EXERCISE
Output the line that contains "Raybestos BH36826 Brake" together with each line after it, through the final line of the listing below, word for word; omit pictures.

++++ SOURCE DATA

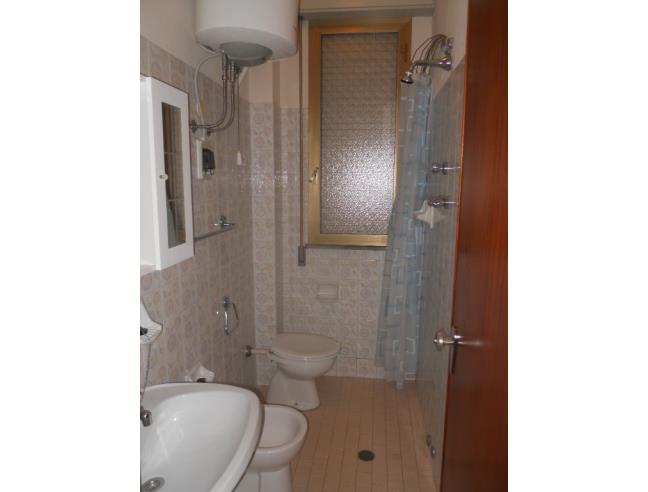 Anteprima foto 6 - Affitto Appartamento Vacanze da Privato a Ravenna - Punta Marina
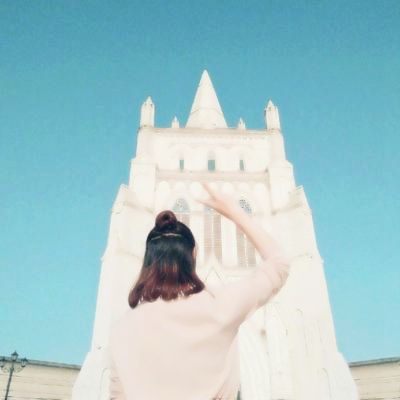 三国群雄志最新版下载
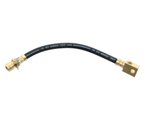Raybestos BH36826 Brake Hydraulic Hose - Rear Center - view 1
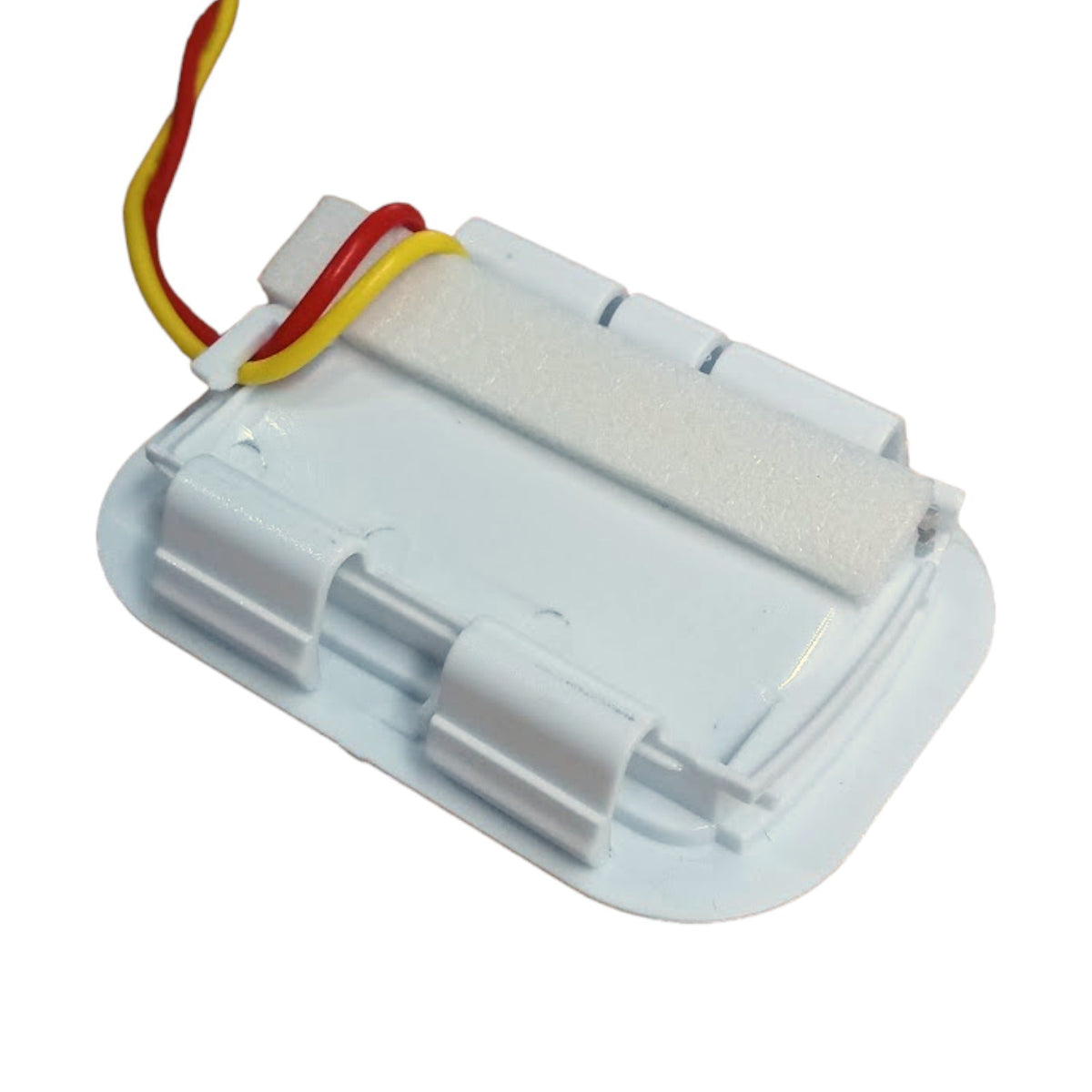 CMP W11484840 for Whirlpool Maytag Refrigerator LED Module Lights (3) w/ Harness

++++++++

ANSWER TO THE PROBLEM
Raybestos BH36826 Brake Hydraulic Hose - Rear Center - view 1
 CMP W11484840 for Whirlpool Maytag Refrigerator LED Module Lights (3) w/ Harness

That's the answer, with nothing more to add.